Review by Ian Keogh
There’s a concern that with the resolutely ordinary cover Nick Maandag has remained true to his intentions at the cost of alienating a prospective audience. In one way the cover exactly represents the content, as the longest of Maandag’s three stories stars Richard Wadsworth, a dull, middle-aged philosophy lecturer. The cover reflects his innately boring personality with a life to match, Maandag’s drily observant tone, and obliquely, that Wadsworth is a step apart. It sells the concept, but it doesn’t sell the comedy of misfortunes within, nor give any indication that the content is hilarious farce.
The title story darkly dissects how Wadsworth is entirely intellect accompanied by very little spontaneity or reason, at least when it comes to social situations. As per the sample art, again and again Nick Maandag exploits the comedy of contrasting Wadsworth’s analytical highbrow considerations with normal human life and expression. In this way it’s not too far removed from Viz’s ‘Mr. Logic’ strip, except that strip’s perpetual violent ending is replaced by personal embarrassment. In the manner of Father Ted’s mysterious exile to Craggy Island, references are made to Wadsworth having to leave his previous post, without supplying the specifics, which is the best way.

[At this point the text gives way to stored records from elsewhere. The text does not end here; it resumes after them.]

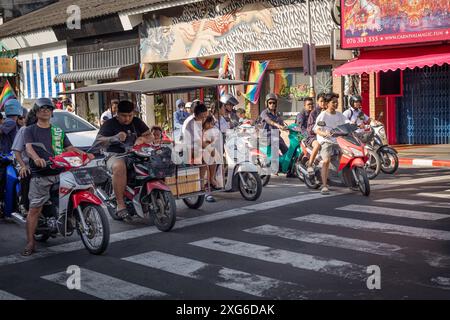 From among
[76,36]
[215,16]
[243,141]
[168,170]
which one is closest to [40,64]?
[76,36]

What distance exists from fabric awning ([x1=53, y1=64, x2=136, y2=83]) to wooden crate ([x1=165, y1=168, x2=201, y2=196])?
19.0 m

Around halfway through, Wadsworth has a transformative experience that activates previously dormant areas of his mind, and while positive in one respect, it only leads to more problems. There’s no love or sentimentality as Maandag mercilessly runs his victim through a succession of personal disasters knowing the root of humour is someone else’s misfortune. The deliberately rigid cartooning adds to the joke.
Wadsworth’s follies occupy around half the book, with ‘Night School’ and ‘The Disciple’ supplying almost all the remainder. They follow the tone of Maandag’s opener in presenting compliant people who’ll obey the most ridiculous instructions. The Fire Chief turns up at the night school just as initiative is being discussed. Part of the joke is that those concerned have none, to which Maandag adds surreal intrusions. These also occur in the Buddhist retreat where enforced celibacy is taking its toll on the adherents. In the form of bonus content Maandag supplies ten four-panel gag strips on the inside covers, featuring the same unexpected humour in more compact form.
Let’s hope the joke of the cover isn’t too subtle, as this is a selection of deliberately crude and very funny, occasionally laugh out loud, stories.